NuNano were awarded InnovateUK funding through the Analysis for Innovators scheme to work with NPL to improve characterisation of metallic coated AFM probes for nanoscale electrical characterisation. These probes were a new product that NuNano were about to launch.
NPL performed chemical and thickness analysis of thin films and probes fabricated by NuNano, including cross sections of coated probes using focused ion milling and scanning electron microscopy. The analysis revealed that the deposition of the materials on the probes was not always uniform in thickness or adhesion. NuNano used this information to adjust their deposition system, which in turn reduced wastage in the manufacturing process.
Measuring the electrical performance was an even more challenging problem. There were no agreed methods or standards for calibrating conductive AFM probes for electrical measurements, and each laboratory used a different approach. The most commonly used electrical mode is called Kelvin-probe force microscopy (KPFM), which measures the contact potential difference between the probe and the sample. NPL created a calibration protocol that involved several reference samples, application of voltage to the samples and annealing in a vacuum. By consolidating many good practices, NPL developed an appropriate method for NuNano as well as a protocol to compare the performance of several different probes.
This project has resulted in NuNano being able to optimise their manufacturing processes for AFM probes and reduce wastage. It has also helped them to develop and launch a product that was far superior than their original plans. At the successful closure of the project the protocol and its outcome have been published in the Journal of Physics Communications to benefit a wider audience.
NuNano and NPL have continued to work together via NPL’s Measurement for Recovery programme and crucially this research is being continued through NPL’s participation in VAMAS inter-lab comparisons of Kelvin-probe force microscopy (KPFM) calibration.
Charles Clifford, the lead scientist sums up the work: “It’s very pleasing to be able to use NPLs expertise in AFM and nanoscale measurement and characterisation in order to support and help NuNano as the only UK AFM probe manufacturer.”

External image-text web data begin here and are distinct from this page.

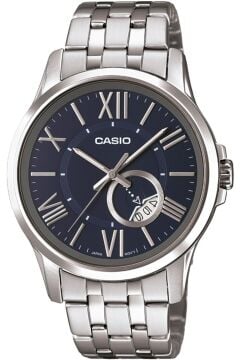 Casio Çelik Erkek Kol Saati MTP-E105D-2AVDF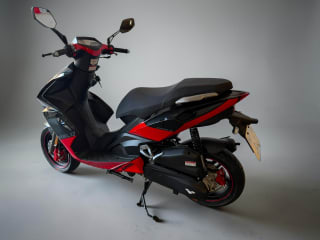 Black 2026 LEXMOTO DIABLO  - Photo 32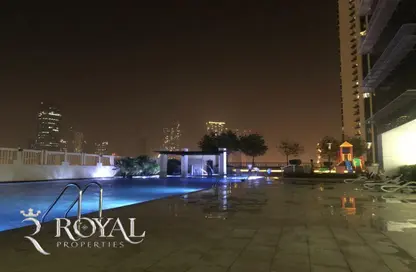 Apartment - 1 Bedroom - 1 Bathroom for sale in Ocean Terrace - Marina Square - Al Reem Island - Abu Dhabi
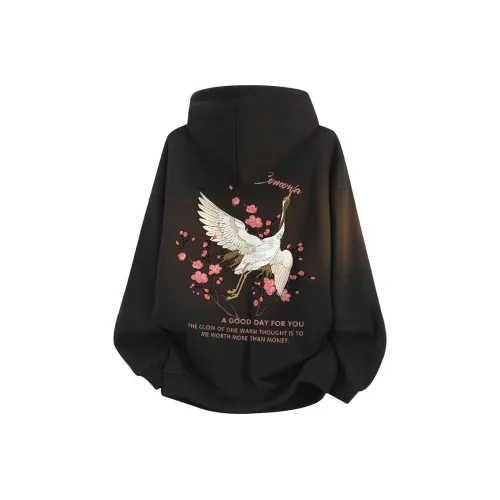 COMOWA Унисекс Свитшоты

Héctor Corte, a higher research scientist at NPL, explained: “When there isn’t a standard to provide guidance on how to perform a measurement, it is always difficult to be sure if the outcome of a measurement will provide a useful result. The fact that both Charles and I work on standardisation of nanotechnology, and good communication with the company, helped navigate this problem and obtain a solution that helped the company.”